## Directions for this task
The answer must be the full listing, word for word, with no pictures in it.

__________

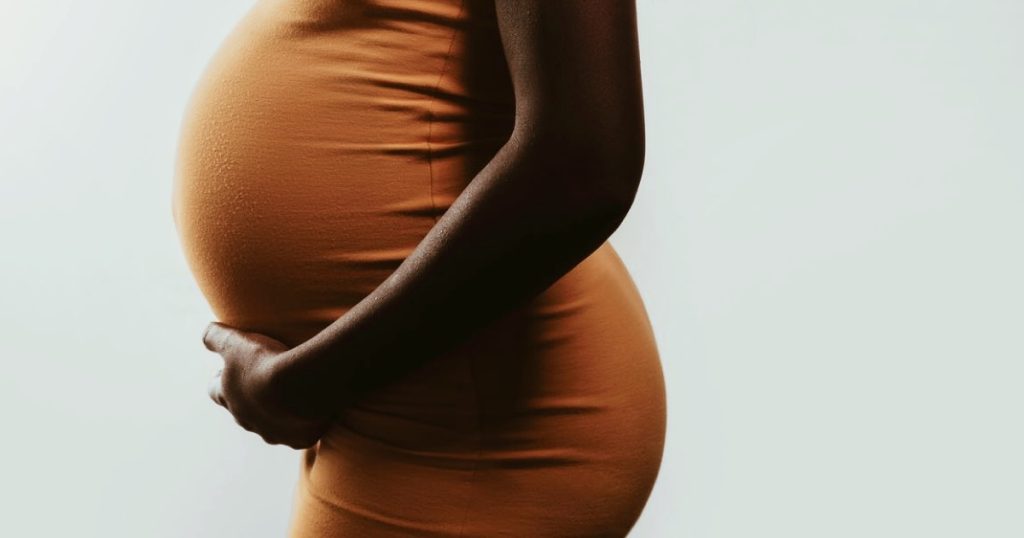 woman holding her pregnany belly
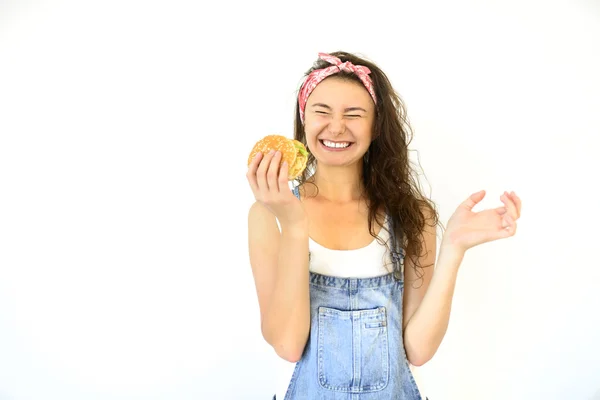 güzel hippi kız hamburger elinde tutan ve gülümseyerek. Beyaz arka plan üzerinde izole modeli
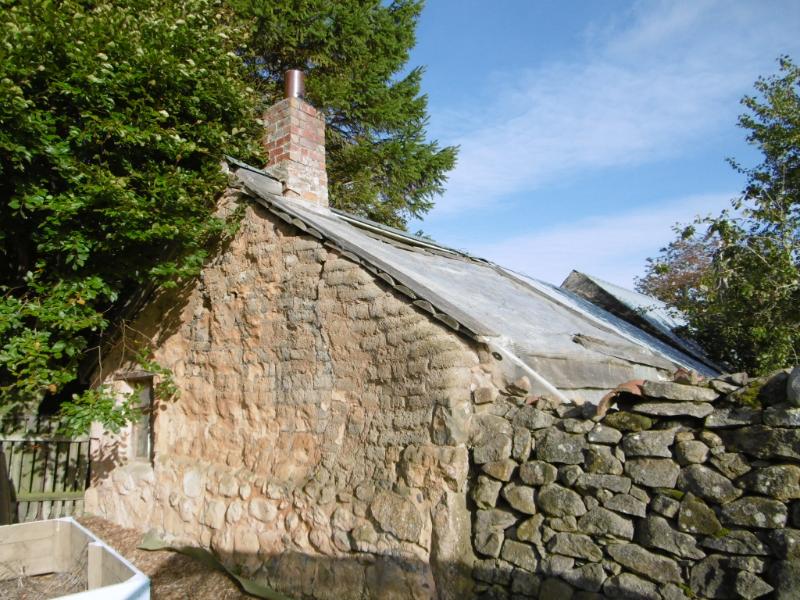West outbuilding at Corse Croft, south gable looking north during daytime. 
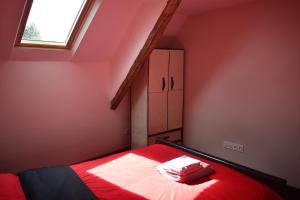 Un dormitorio con una cama con sábanas rojas y una ventana en Le Noble Jardin, en Mohon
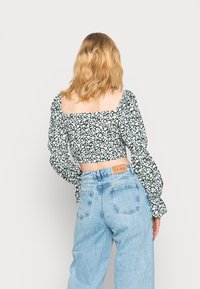Top floral curto com mangas bufantes, apresentando um fundo preto com flores brancas e verdes. Combinado com jeans claros de cintura alta.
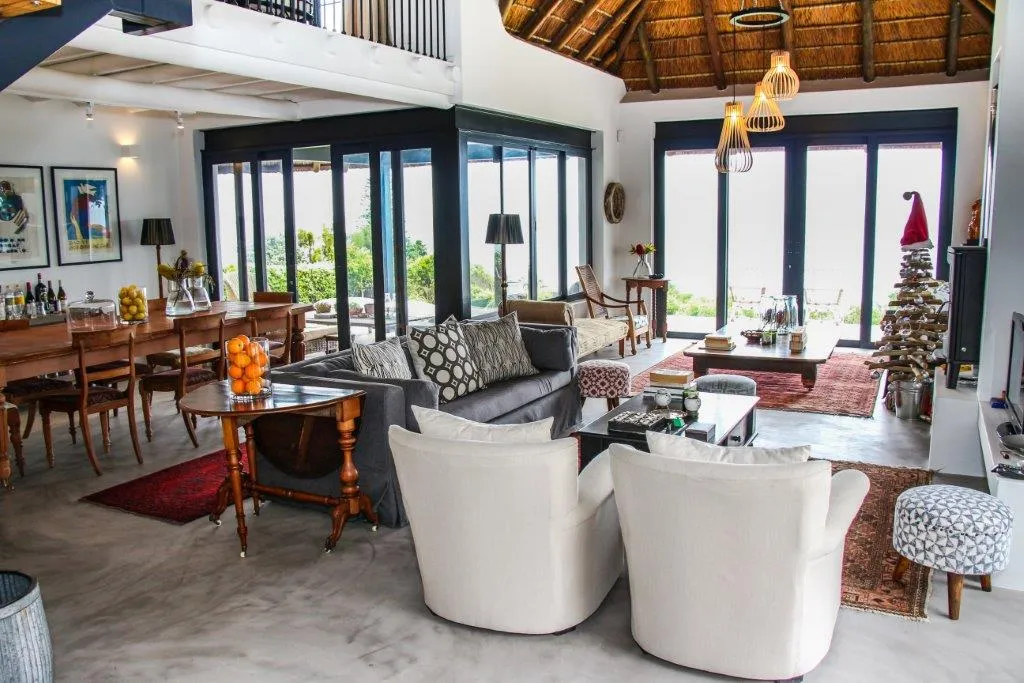 Open living area with dining table sofas and Christmas decorations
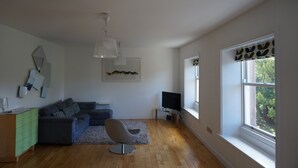Un saló modern amb un sofà gris, un armari gris, un televisor de pantalla plana i un finestral gran amb vista a arbres.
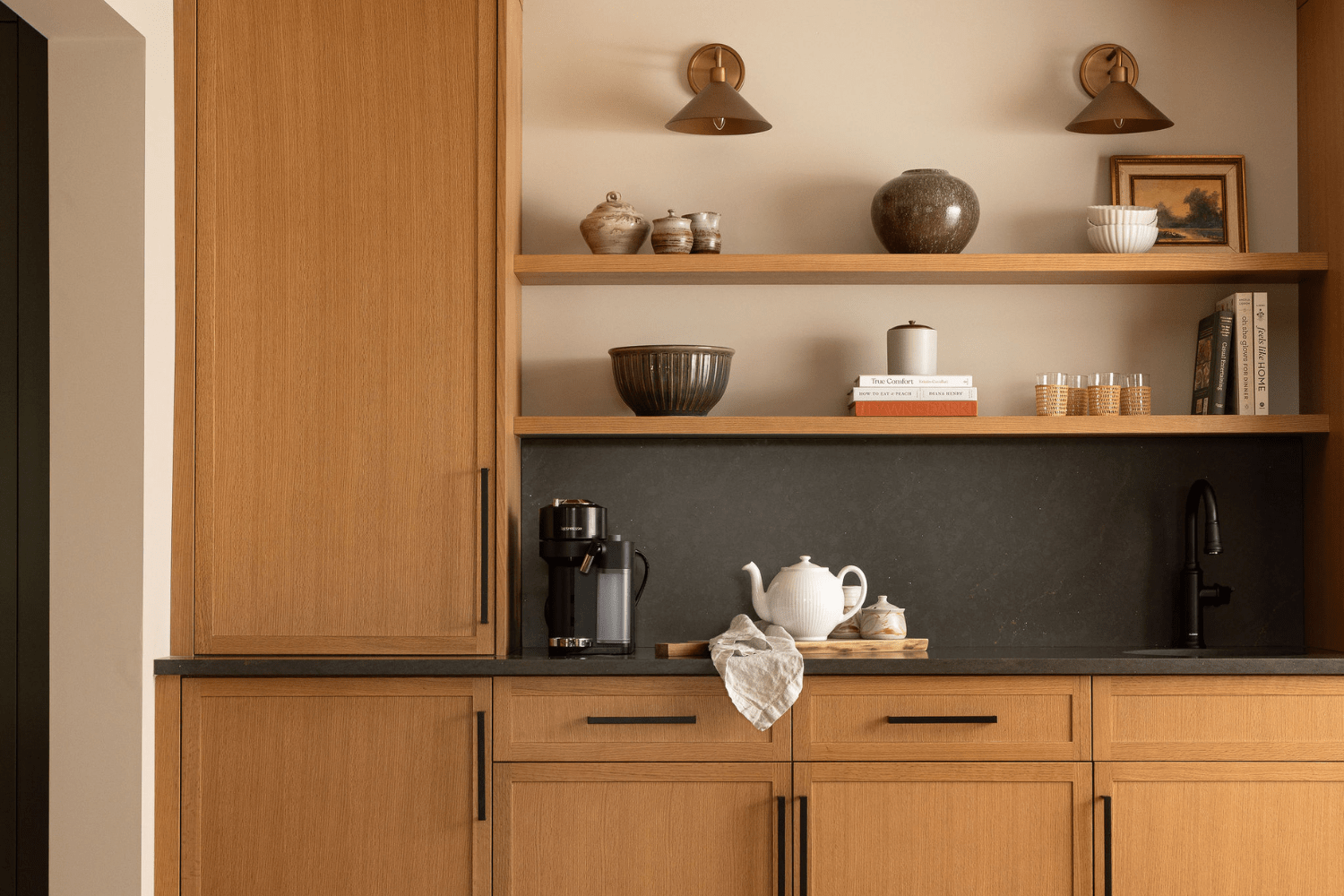 Dining room wet bar with red oak cabinets and black countertop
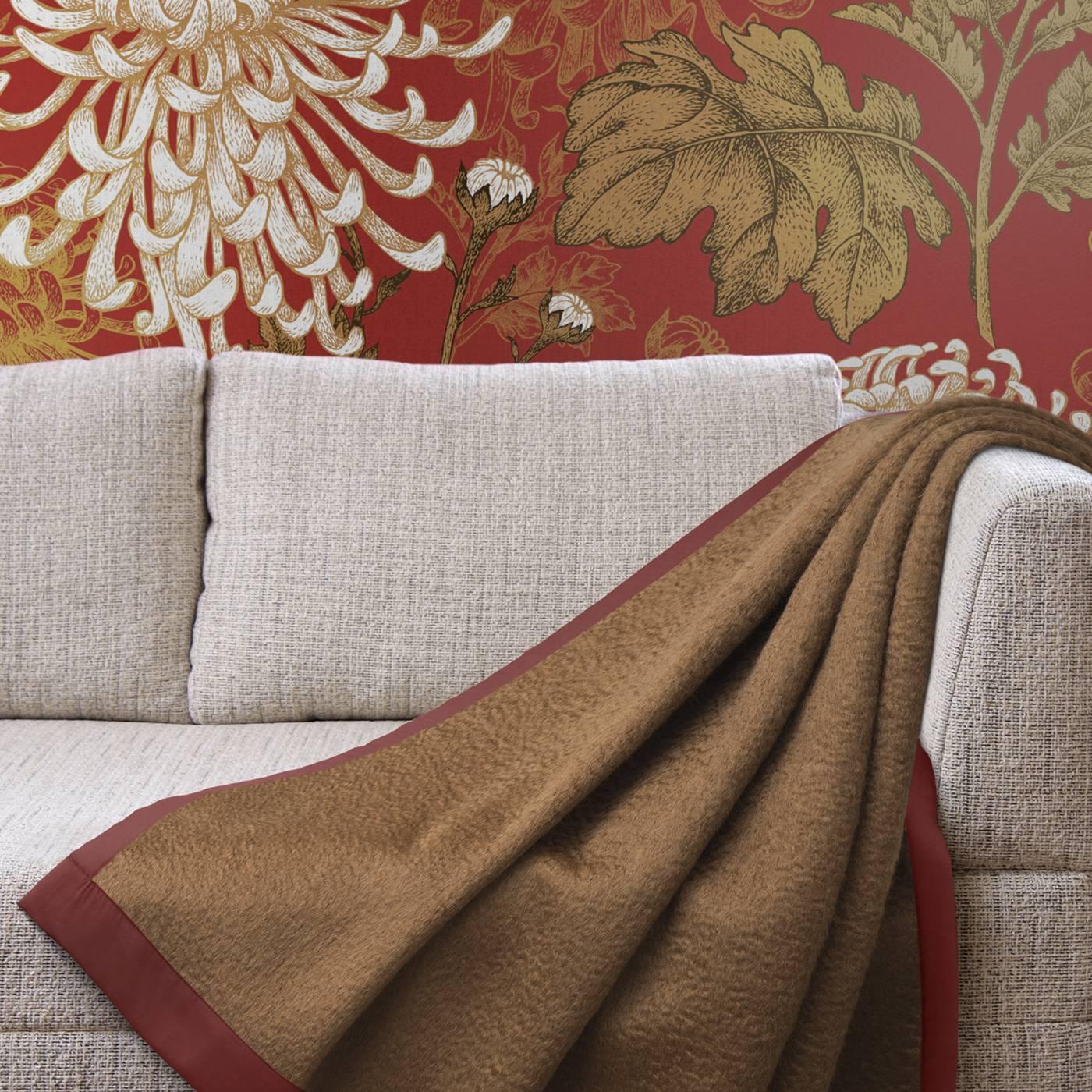 Luxuriously soft, this blanket blends the warmth of 10% virgin wool with the softness of 80% mohair, framed by a contrasting silk border for a richly-tailored finish. This generously sized blanket features an elegant brown and red color combination
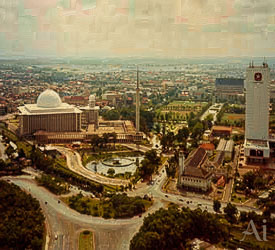 Aerial view of Istiqlal Mosque, its dome and minaret, with Pertamina Tower and surrounding streets in central Jakarta.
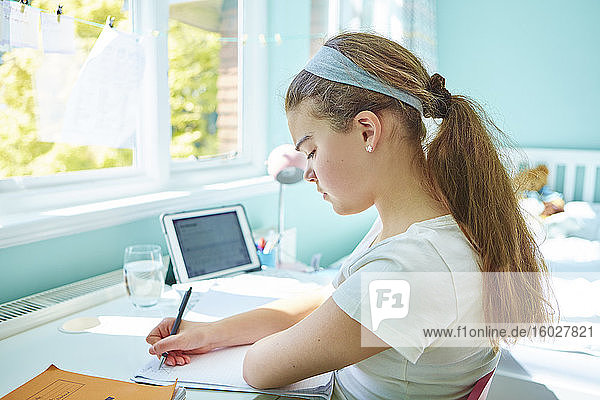 Fokussiertes Mädchen macht Hausaufgaben am Schreibtisch im Schlafzimmer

__________

## Exercise output
 woman holding her pregnany belly
 güzel hippi kız hamburger elinde tutan ve gülümseyerek. Beyaz arka plan üzerinde izole modeli
West outbuilding at Corse Croft, south gable looking north during daytime. 
 Un dormitorio con una cama con sábanas rojas y una ventana en Le Noble Jardin, en Mohon
Top floral curto com mangas bufantes, apresentando um fundo preto com flores brancas e verdes. Combinado com jeans claros de cintura alta.
 Open living area with dining table sofas and Christmas decorations
Un saló modern amb un sofà gris, un armari gris, un televisor de pantalla plana i un finestral gran amb vista a arbres.
 Dining room wet bar with red oak cabinets and black countertop
 Luxuriously soft, this blanket blends the warmth of 10% virgin wool with the softness of 80% mohair, framed by a contrasting silk border for a richly-tailored finish. This generously sized blanket features an elegant brown and red color combination
 Aerial view of Istiqlal Mosque, its dome and minaret, with Pertamina Tower and surrounding streets in central Jakarta.
 Fokussiertes Mädchen macht Hausaufgaben am Schreibtisch im Schlafzimmer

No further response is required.